HDAC activity was measured using a fluorescence activity assay kit (Cayman Chemical, Ann Arbor, MI, USA) (28). Briefly, nuclear proteins (1 μg) obtained from the primary CECs of NQO1-WT or NQO1-KO mice were incubated at 37℃ with 100 μM acetylated fluorogenic substrate in HDAC assay buffer. Fluorescence was measured using a Spectra Max M5 fluorescent plate reader (Molecular Devices, Sunnyvale, CA, USA) with excitation set at 360 nm and emission set at 460 nm. Active human recombinant HDAC-1 (Biomol, Palatine House, Matford Court, UK) was also used to measure deacetylase activity in the presence and absence of H2O2.

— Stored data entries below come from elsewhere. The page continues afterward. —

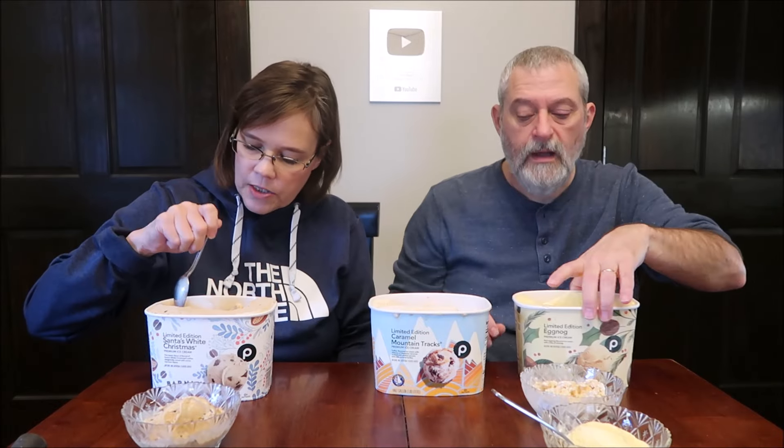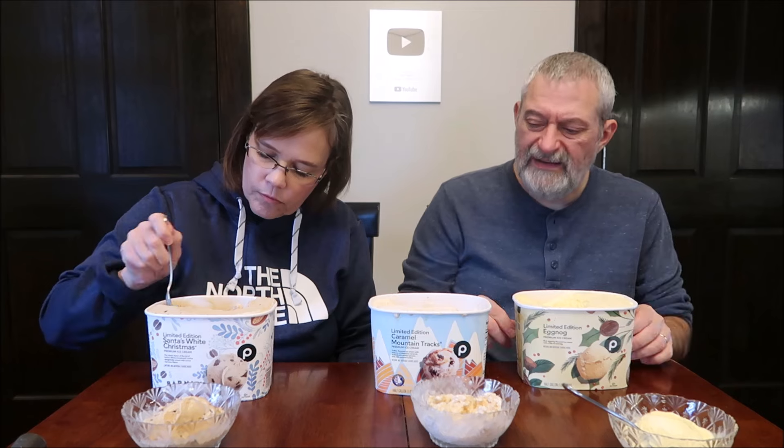So which one do you like best? Probably the eggnog. I'd pick the eggnog too, but the eggnog and the Caramel Mountain Tracks are about equal for me — then the coffee one I would never get. The eggnog has no mix-ins, which most of the time there isn't, but I'm going eggnog number one. Then the caramel — it's just an all-around everyday good flavor with the sweetness and caramel. I genuinely do like the Santa's White Christmas though.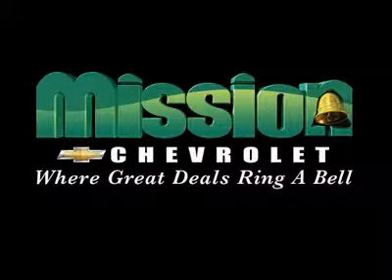Mission Chevrolet, home of the Low Price Guarantee. Easy to find. Exit 32 off I-10 in Zaragoza and George Dieter.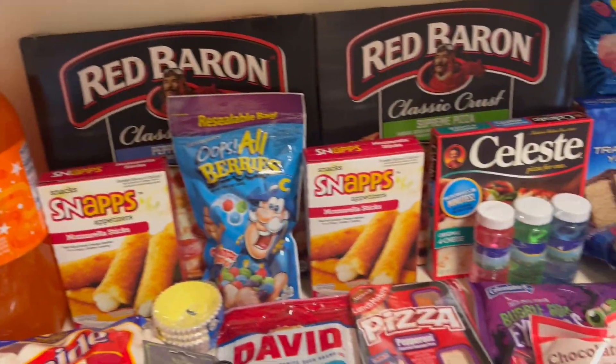Hey everyone, welcome back to my channel, it's Desiree and I'm back with another video. This is another Dollar Tree haul — I spent $137, so let me show you what I picked up. Here is the overview.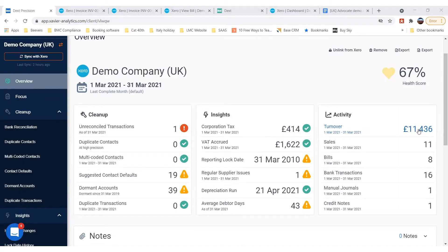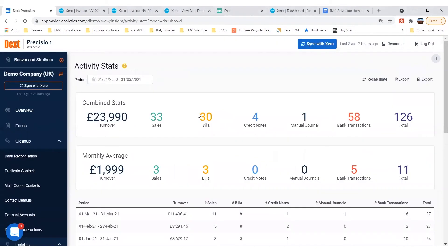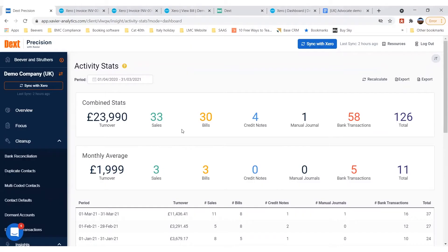The key thing we would do, particularly if we're going to be quoting for bookkeeping work, is look at the activity stats over here on the right-hand side. If I drill into these, this is the key screen we use when quoting for clients, because we quote on a transaction volume basis. I can see for the year ended March there are a number of sales and purchase invoices and transactions that need to be dealt with, and that would inform our pricing decision.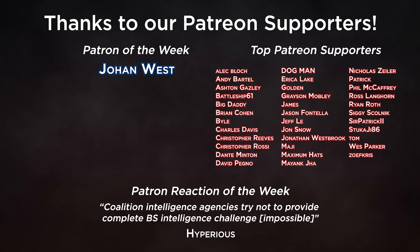Thanks again to our patrons who helped to make these videos possible. Your support is the reason we can produce series like this. Welcome to all our new patrons this month, and a special thanks to our patron of the week, Johan Wess, who has been a long time supporter of the channel. Coalition intelligence agencies try not to provide complete BS intelligence — challenge: impossible. If you'd like to join our Patreon and get access to exclusive benefits such as early access to videos ad and sponsor free, we would love to have you as part of our community.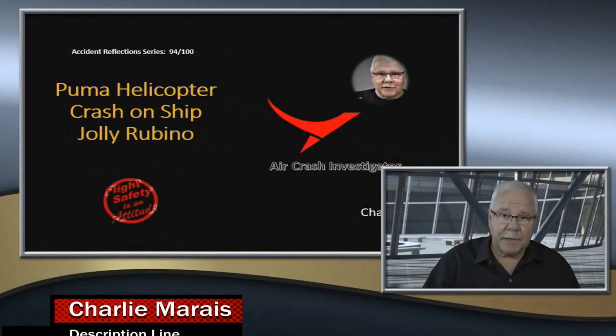Welcome to Air Crash Investigator. Today I'm going to have a look at a Puma helicopter that crashed on the front deck of the ship Jolly Rubino.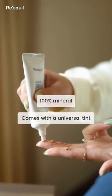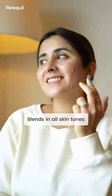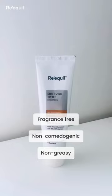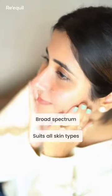The texture of this sunscreen is like a mousse — it spreads and blends easily on every skin tone. The best part is that it's fragrance free, non-comedogenic, non-greasy, broad spectrum, and suits all skin types.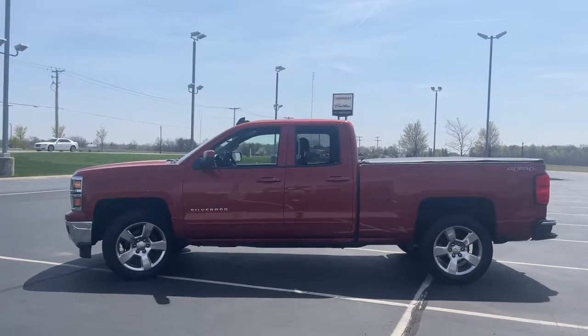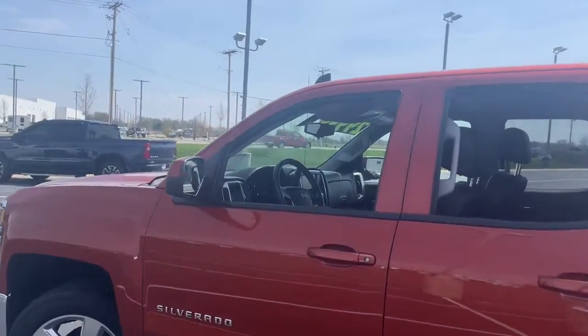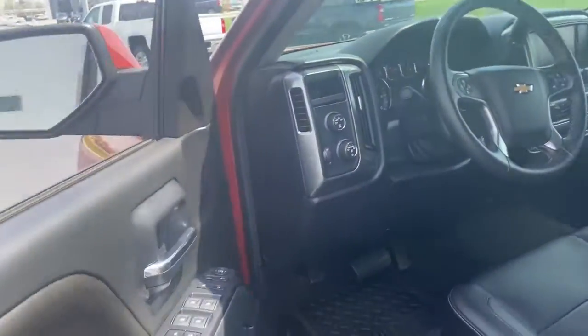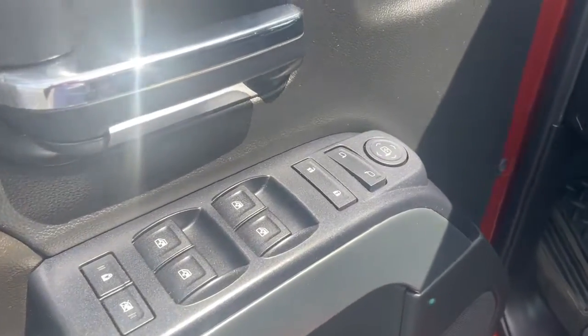These are just some of the great options this vehicle comes with: heated driver's seat, keyless entry, 8-cylinder engine, premium sound system, heated mirrors, satellite radio, remote engine start, fog lamps, alarm, and electronic stability control.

Mouse colitis and clinical assessment of symptoms

Acute colitis was induced by administration of dextran sodium sulfate (DSS, 40-50 kDa; ICN, Costa Mesa, CA, USA). NQO1-WT and NQO1-KO mice were given 3% DSS dissolved in regular tap water throughout the experimental period (up to 14 days). For the duration of the experiment, animals were observed three times per day for morbidity, mortality and weight (14).

Measurement of mouse IL-6 and TNF-α

Mouse colons were homogenized (40 seconds) in PBS and centrifuged (11,000 × g, 10 min at 4℃), and supernatants were collected. Mouse IL-6 and TNF-α were measured by ELISA kits (R&D Systems, Minneapolis, MN, USA) (14).

Immunoblot analysis

Mouse tissues were washed with cold PBS and lysed in buffer (150 mM NaCl, 50 mM Tris-HCl, pH 8.0, 5 mM EDTA, 1% Nonidet P-40), and equal amounts of protein were fractionated by SDS-polyacrylamide gel electrophoresis (SDS-PAGE). The appropriate antibodies were applied, and antigen-antibody complexes were detected with the LumiGlo reagent (New England Biolabs, MA, USA) (14).

Statistical analysis

The results are presented as mean values ± SEM. Data were analyzed using the SIGMA-STAT professional statistics software program (Jandel Scientific Software, San Rafael, CA, USA). Analyses of variance with protected t tests were used for intergroup comparisons.